I am thankful for the opportunity to breastfeed my children until the moment we decided to stop. I could breastfeed without leaving my job. On many occasions, I breastfed while leaning on cushions and facing my computer. I learned to use my opposite hand to grade exams or to plan lessons. By being creative, I learned to balance all my tasks while still working.
By Thelma López Aguilar
I am a mother of two boys who are now 18 and 14-year-old teenagers. When a dear La Leche League Leader by the name of Elizabeth Dary asked me to share my experience of breastfeeding and work, I was filled with a mixture of emotion and nostalgia as I recalled so much joy and satisfaction.
I have always worked away from home. When my children were born it was always a conflict for me to return to work. That is why I worked until the last day possible before delivering each of them. I could gather as many prenatal and postnatal maternity leave days as I could—which added up to 85 days (I still remember it clearly!) in order to be with them longer after their births.
Before my first son, Erwin, was born, I read about breastfeeding. My sister-in-law Elizabeth helped me find accurate information to read, such as La Leche League (LLL) books, so that when Erwin was born, I had already decided that exclusive breastfeeding would be best for my baby. I didn’t know how I was going to manage it when I returned to work, but I was convinced that I had to do it. Since I planned to return to work at almost three months, at two and a half months I started to express milk on a schedule of every three hours. I started to build myself a personal milk bank!
Fortunately, although I work all day long, my work schedule is flexible. So, my family gave my oldest baby son, Erwin, my expressed milk in the morning, and I found a private place at work to express my milk mid-morning. I came prepared with my cooler ready, and I learned to express breastmilk using just my hands. I think I became an expert at it! At lunchtime, I ran to my mother-in-law’s and breastfed my baby boy at noon, then took my expressing milk break in the afternoon. This way, I had plenty of breastmilk to feed him the following day.
On weekends I breastfed each of my children on demand, without giving them any bottles of expressed milk. When they were older, complementary foods enabled me to express breastmilk less frequently.
I remember I even had to travel a couple of times, and I had enough milk in my “bank” for my boys to be able to only drink my breastmilk while I was away. During my travels I expressed milk as often as I could, but unfortunately some spoiled due to lack of continuous refrigeration. When I returned from each of my travels, the boys breastfed again without any problems, despite my fears that they might lose interest upon my return.

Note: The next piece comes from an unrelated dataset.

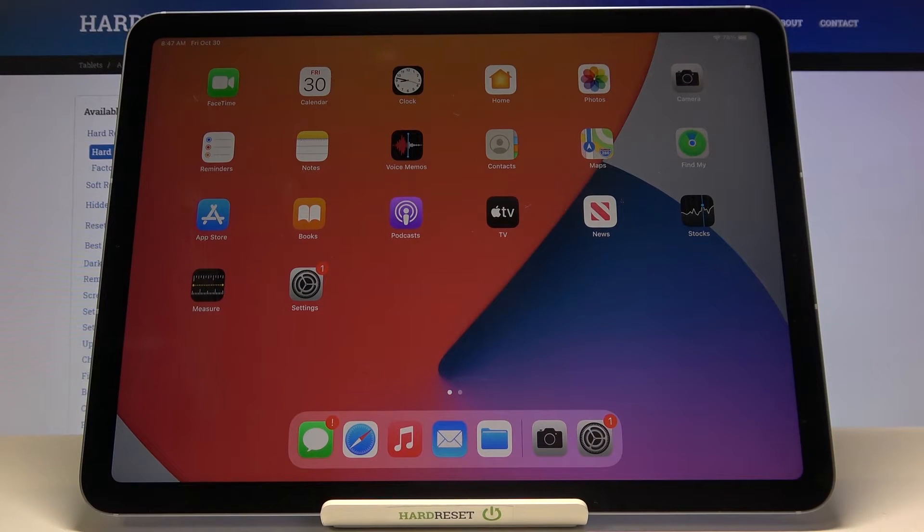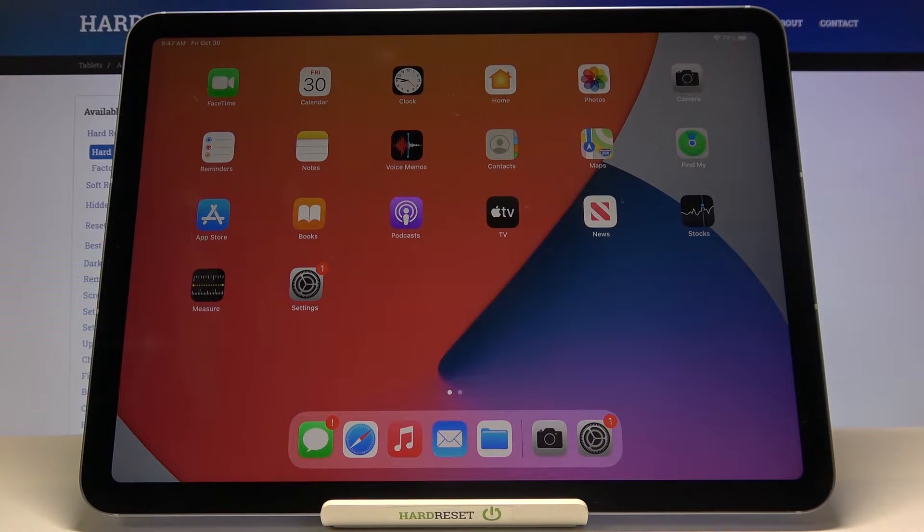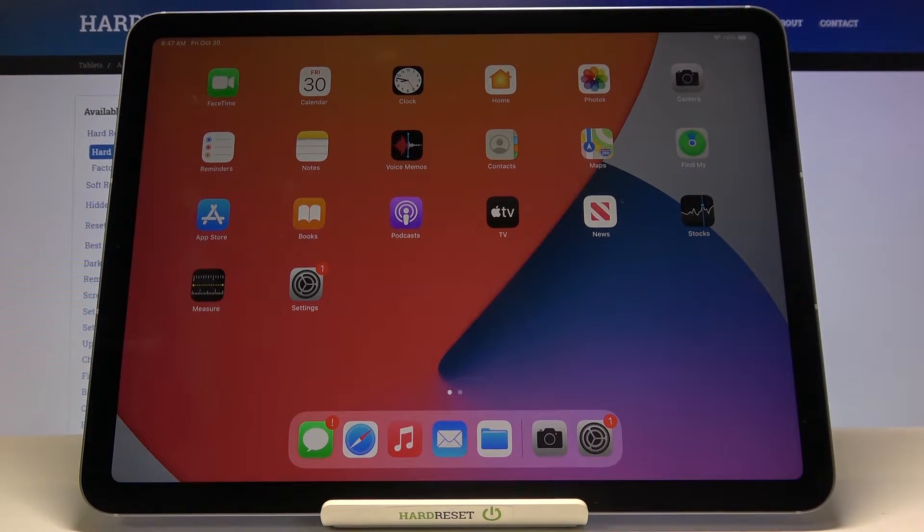Welcome! Here I've got Apple iPad Air 2020 and I'm going to show you how to allow the camera app to scan QR codes on this device.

Feeding expressed milk to my second child, Daniel, was very difficult because he did not like any bottle teats; I tried them all! I managed to organize myself and raced to breastfeed him, always on time, the way I did it with my first child. At six months old I gave Daniel some water in a sippy cup, and in another sippy cup he started drinking my breastmilk.
When I reflect about all this, I feel blessed and so happy to have managed combining work and breastfeeding. Most people told me I should give my babies formula and not complicate matters, but I am glad I didn’t listen to them.